Consider Adding a Non-Disparagement Clause

0

Let’s say you just closed a mega-deal. You’re pretty amped because the right buyer came with the right offer, and you closed a fantastic deal on a domain name. You may or may not have signed a non-disclosure agreement covering the negotiation and purchase price, but the company that bought it announces that it acquired the domain name from a cybersquatter. Not cool.

I’ve seen quite a few news reports, first person acquisition stories, and other types of articles that discuss how a company acquired a particular domain name. While most presumably won’t  divulge confidential information, the  company principals  might not be prevented from writing about the seller. Perhaps they were nice when negotiating for the sake of closing a deal, but behind closed doors, they are upset they had to pay a “cybersquatter” or someone who was “domain hoarding.” Whatever the case may be, you should protect yourself.

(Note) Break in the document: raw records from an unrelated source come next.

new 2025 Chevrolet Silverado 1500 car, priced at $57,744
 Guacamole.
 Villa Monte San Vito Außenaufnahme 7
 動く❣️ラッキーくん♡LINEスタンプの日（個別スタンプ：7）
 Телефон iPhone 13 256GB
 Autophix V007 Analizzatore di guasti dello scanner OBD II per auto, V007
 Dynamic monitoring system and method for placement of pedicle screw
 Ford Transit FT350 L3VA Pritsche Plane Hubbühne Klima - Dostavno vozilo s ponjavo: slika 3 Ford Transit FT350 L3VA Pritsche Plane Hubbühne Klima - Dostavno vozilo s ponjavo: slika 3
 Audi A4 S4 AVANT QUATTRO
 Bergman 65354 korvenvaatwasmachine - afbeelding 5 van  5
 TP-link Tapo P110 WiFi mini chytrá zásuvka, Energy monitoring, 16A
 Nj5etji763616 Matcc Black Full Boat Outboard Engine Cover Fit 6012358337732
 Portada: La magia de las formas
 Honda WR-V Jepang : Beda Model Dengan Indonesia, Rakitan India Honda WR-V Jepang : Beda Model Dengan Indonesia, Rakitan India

When I first wrote about non-disclosure agreements, I missed the mark a bit. Greg Shatan suggested that a non-disparagement clause is what should be added to prevent the buyer (or seller perhaps) from speaking or writing negatively about the other party (you or maybe me). This should make them think twice when they are characterizing the other party in subsequent public announcements or news.

Having someone call you a cybersquatter or domain hoarder may not seem like a big deal, but it can be problematic. It could be frustrating to someone who doesn’t want to have that negative association with their name indexed in Google or other websites. It could also potentially be damaging if a company files a UDRP or cybersquatting lawsuit on a domain name in the future and they cite the “cybersquatter” reference. Yes, that is very unlikely, but why let it potentially become a problem.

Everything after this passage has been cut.